Lincoln National Life Insurance Co. is trying new ways to market its products through banks, after dismal sales in that market last year.

The Fort Wayne, Ind.-based company is planning to market directly to banks instead of through third parties. As part of that strategy, the company has merged its own third-party marketing subsidiary, Richard Leahy Corp., Minneapolis, into its financial institutions division.

As banks get more experience and more regulatory powers to operate their own insurance agencies, they want to manage their own operations.

"We saw that trend coming, saw it was inevitable, and we wanted to adapt," said Maureen Sloan, senior vice president overseeing product development at First Penn-Pacific Life Insurance, a Lincoln subsidiary.

Lincoln used to have two methods of capturing revenues at banks.

The first was through Richard Leahy, which supplied agents to banks and helped about 15 run their programs. Lincoln acquired Richard Leahy in 1984.

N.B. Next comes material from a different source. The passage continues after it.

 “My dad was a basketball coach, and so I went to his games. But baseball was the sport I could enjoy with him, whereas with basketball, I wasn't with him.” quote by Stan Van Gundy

The other way was through a financial institutions product division that worked out of the company's First Penn-Pacific Life Insurance subsidiary in Oakbrook Terrace, Ill. That unit marketed mostly to other third-party marketing firms, such as Marketing One Inc., which managed the annuity program at Wells Fargo & Co. until 1994.

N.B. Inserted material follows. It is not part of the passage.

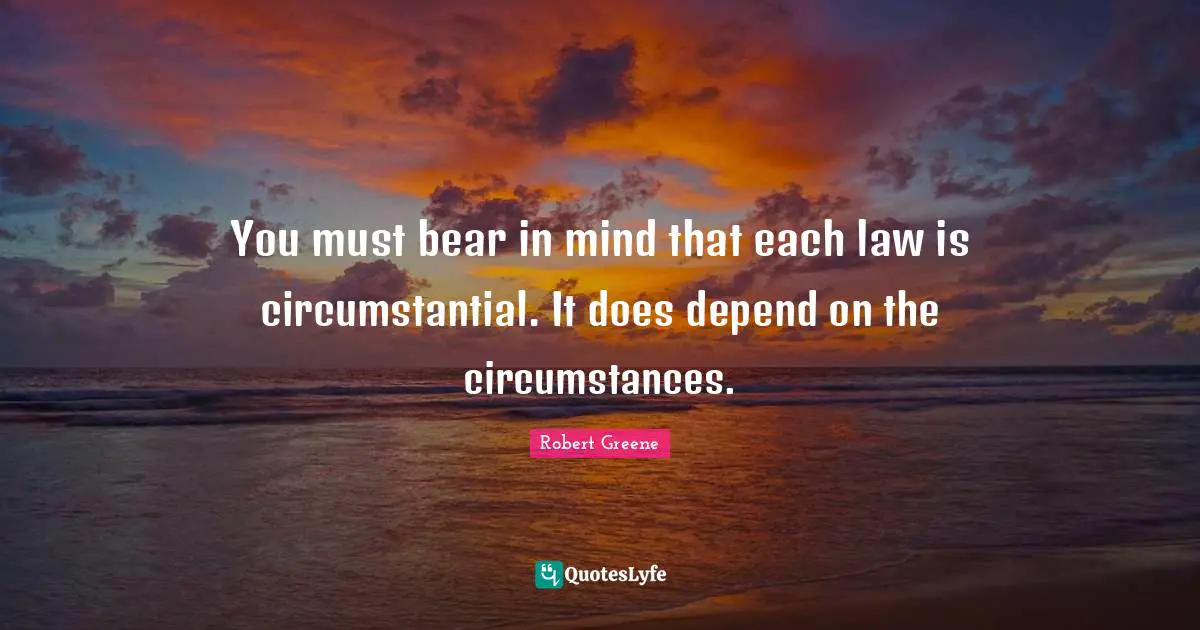 You must bear in mind that each law is circumstantial. It does depend on the circumstances.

But as the third-party marketing industry fell victim to banks bringing their investments programs in-house, Lincoln suffered on both fronts. Last year the insurer sold $520 million in fixed annuities at banks, 60% less than in 1994.

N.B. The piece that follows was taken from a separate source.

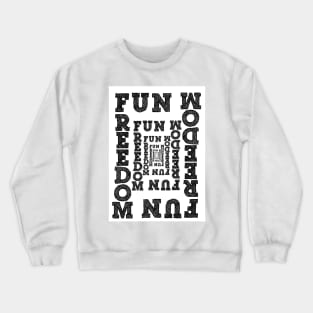 One Colour Word art Crewneck Sweatshirt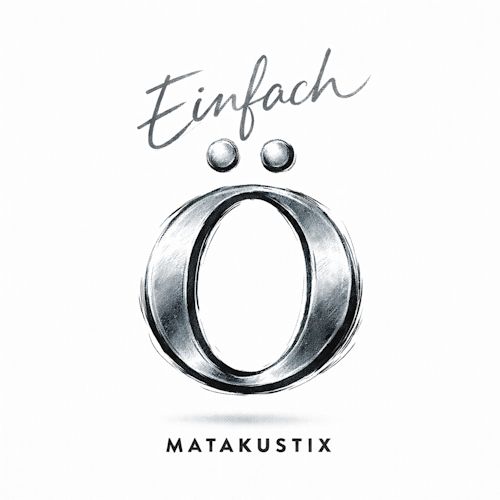 Matakustix - Einfach Ö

"The marketplace has forced us in this direction," said Joe Neuberger, a national sales manager at Lincoln.

Lincoln has hired five sales representatives, or "wholesalers," and put them in regional offices around the country to seek out new bank clients.

Lincoln is also planning to introduce this fall an index annuity, a popular new form of fixed annuity that tries to match investment performance with a particular index. Lincoln's product will link investments to the S&P 500.

Lincoln is also planning to more closely target community banks in Pennsylvania. Ms. Sloan declined to give details.

"Perhaps '95 was a sobering lesson," said Andrew Singer, president of Bank Insurance Research Marketing Group, Mamaroneck, N.Y.

Last year was a particularly difficult one for all fixed annuity providers as the interest rate environment hurt the products.

Mr. Singer said Lincoln needs to add variable annuities to counter losses during years like 1995. "These are perilous times" for companies that lack a broad menu, he said.